Although this won’t be explicit, the implication of any such spin will be clear enough: Yes, inflation is unacceptably high, but the tradeoff was worth it. I’m not weighing in on the veracity of that claim. I’m merely telling you how Democrats will spin the numbers.
The US economy added a remarkable 528,000 jobs last month, the government said, more than double the 250,000 additions consensus expected (figure below). No economist out of nearly six-dozen surveyed predicted a headline NFP print above 325,000.
Revisions added a combined 28,000 jobs to the prior two months.
With July’s gain, the economy has added 3.3 million jobs in 2022. Say what you will, but that’s a lot of jobs in a very compressed time frame.
The unemployment rate likewise recovered pre-pandemic levels, dropping to 3.5%, below consensus, and tied with February 2020 for the lowest since 1969 (simple figure below).
The participation rate ticked lower (again) to 62.1%.
Wage growth was scorching-hot. Average hourly earnings rose 0.5% MoM, far more than expected, and 5.2% YoY, easily ahead of the 4.9% economists projected. Those prints were consistent with the message from last week’s Q2 employment cost index data: The US is at risk of a wage-price spiral.
Taken together, Friday’s figures suggested labor demand remains voracious and labor supply constrained.
The read-through for markets was straightforward. Fed officials keen to cite a strong labor market in the service of dispensing with a recession narrative that’s gathered adherents over the past two months were handed an extremely robust jobs report accompanied by wage growth figures which are in no way consistent with the Committee’s inflation target.
July’s NFP report argued loudly for the continuation of rate hikes, and should increase the odds of a third consecutive 75bps hike at the Fed’s September meeting. If July’s CPI report comes in hot, expect markets to price a 75bps increment for next month’s gathering as a virtual lock.
Some market participants recently pointed to a disparity between the household and establishment data in the jobs report to suggest negative readings on the former may presage downward revisions to the headline NFP prints. July’s report showed a 179,000 gain on the household survey.
That pushed the three-month moving average back into positive territory (figure above).
And in any event, there’s scant evidence for the narrative that says negative household readings are generally associated with an eventual “reckoning” (so to speak).
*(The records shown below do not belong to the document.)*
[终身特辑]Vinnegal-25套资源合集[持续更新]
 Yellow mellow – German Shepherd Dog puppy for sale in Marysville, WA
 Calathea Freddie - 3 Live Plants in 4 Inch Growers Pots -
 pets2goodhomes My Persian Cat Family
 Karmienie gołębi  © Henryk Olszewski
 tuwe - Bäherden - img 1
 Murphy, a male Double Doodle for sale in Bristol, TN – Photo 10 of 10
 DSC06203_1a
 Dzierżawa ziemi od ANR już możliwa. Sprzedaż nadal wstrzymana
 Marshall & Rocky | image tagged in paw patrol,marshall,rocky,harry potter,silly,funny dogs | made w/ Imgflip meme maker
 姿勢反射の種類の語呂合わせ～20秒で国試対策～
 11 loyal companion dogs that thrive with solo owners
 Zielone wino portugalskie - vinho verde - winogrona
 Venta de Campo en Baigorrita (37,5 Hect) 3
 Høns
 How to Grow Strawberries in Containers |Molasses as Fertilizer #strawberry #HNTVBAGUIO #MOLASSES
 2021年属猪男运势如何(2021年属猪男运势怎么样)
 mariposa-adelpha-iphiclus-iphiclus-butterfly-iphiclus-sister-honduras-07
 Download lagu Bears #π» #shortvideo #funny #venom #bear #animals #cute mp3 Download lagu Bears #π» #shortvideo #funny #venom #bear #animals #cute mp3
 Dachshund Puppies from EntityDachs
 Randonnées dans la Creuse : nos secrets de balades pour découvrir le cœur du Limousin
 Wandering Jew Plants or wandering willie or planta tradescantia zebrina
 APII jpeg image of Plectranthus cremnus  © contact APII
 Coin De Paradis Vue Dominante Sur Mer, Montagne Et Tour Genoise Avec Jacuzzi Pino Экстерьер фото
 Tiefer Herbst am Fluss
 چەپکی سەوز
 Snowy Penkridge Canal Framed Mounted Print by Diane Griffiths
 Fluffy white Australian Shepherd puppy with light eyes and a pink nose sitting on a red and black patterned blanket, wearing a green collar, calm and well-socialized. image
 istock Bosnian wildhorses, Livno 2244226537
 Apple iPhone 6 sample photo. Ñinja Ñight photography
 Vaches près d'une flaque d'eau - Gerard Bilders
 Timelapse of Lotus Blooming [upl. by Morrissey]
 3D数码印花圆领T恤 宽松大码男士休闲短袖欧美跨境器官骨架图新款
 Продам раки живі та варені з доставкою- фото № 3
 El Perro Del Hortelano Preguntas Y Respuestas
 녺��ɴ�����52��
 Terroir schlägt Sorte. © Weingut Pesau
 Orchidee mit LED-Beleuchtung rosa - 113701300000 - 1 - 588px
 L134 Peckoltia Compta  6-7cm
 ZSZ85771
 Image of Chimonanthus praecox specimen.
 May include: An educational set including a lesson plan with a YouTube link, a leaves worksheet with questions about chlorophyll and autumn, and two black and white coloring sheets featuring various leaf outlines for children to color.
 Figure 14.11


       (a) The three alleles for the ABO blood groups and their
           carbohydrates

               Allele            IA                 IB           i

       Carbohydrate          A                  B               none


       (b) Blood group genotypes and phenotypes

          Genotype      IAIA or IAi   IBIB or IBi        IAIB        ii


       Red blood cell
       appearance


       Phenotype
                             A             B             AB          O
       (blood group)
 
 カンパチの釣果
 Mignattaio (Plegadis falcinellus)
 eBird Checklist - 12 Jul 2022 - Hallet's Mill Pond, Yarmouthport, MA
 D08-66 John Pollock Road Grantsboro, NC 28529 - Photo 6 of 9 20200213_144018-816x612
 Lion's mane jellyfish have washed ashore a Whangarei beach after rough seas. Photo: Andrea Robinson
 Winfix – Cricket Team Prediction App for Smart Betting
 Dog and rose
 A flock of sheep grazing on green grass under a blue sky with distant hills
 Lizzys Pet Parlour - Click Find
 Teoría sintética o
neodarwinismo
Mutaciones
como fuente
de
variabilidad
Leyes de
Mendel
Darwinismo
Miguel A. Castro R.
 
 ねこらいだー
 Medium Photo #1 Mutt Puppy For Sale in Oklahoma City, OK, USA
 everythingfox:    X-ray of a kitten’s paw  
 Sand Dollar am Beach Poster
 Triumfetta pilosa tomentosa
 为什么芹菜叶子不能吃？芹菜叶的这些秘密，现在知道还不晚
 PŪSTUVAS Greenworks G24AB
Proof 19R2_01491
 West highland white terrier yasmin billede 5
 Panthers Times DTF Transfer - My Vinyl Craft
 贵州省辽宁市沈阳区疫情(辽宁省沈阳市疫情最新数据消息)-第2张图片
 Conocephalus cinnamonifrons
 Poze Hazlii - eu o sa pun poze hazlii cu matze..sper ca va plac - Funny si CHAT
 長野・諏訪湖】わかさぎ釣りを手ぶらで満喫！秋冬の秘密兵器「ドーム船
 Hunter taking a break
Earlier this week, Bloomberg’s Cameron Crise ran the numbers.
“I sorted for all months since 1996 in which the initial nonfarm payroll gain was at least 200,000 and the household data was negative, and checked to see what happened with the final NFP revisions,” he wrote, adding that as “it turns out, not only did none of these episodes occur during an NBER recession, but the average payroll revision was +19,000.” He called the results “kind of surprising,” on the way to concluding that, “I guess it illustrates why household employment figures are relegated to secondary status in the monthly report — they don’t really tell us that much about the underlying state of job growth.”
Employment is a lagging indicator, and jobless claims have moved up. The four-week moving average for initial claims is the highest since November, and job openings fell the most on record in June outside of the initial pandemic plunge. At the same time, a bevy of corporate heavyweights have announced hiring freezes and layoffs as part of an ongoing reassessment of staffing needs in the context of an expected deceleration in economic activity both at home and abroad.
All of that said, July’s jobs report was unequivocal: The US labor market hasn’t rolled over yet. Maybe, in the fullness of time, we’ll discover that in fact, the US was in a proper recession during the summer of 2022. As any regular reader will quickly attest, I’m certainly open to such a thesis. I’d wager I’ve seen more recessions than many of my readers. I’m the furthest thing from a macro Pollyanna.
But right now, as it stands, it’s very difficult to make the case for a recession in the NBER sense, and even if you could make the case, the Fed wouldn’t listen, which is really all that matters.
Of course, the Fed will get another jobs report between now and the next policy decision. Anything can happen. BMO’s Ian Lyngen captured it well. “If the FOMC meeting was tomorrow, [July’s jobs report] would make a 75bps hike the path of least resistance,” he said. “Alas, there is still a lot of data between now and the September 21st meeting.”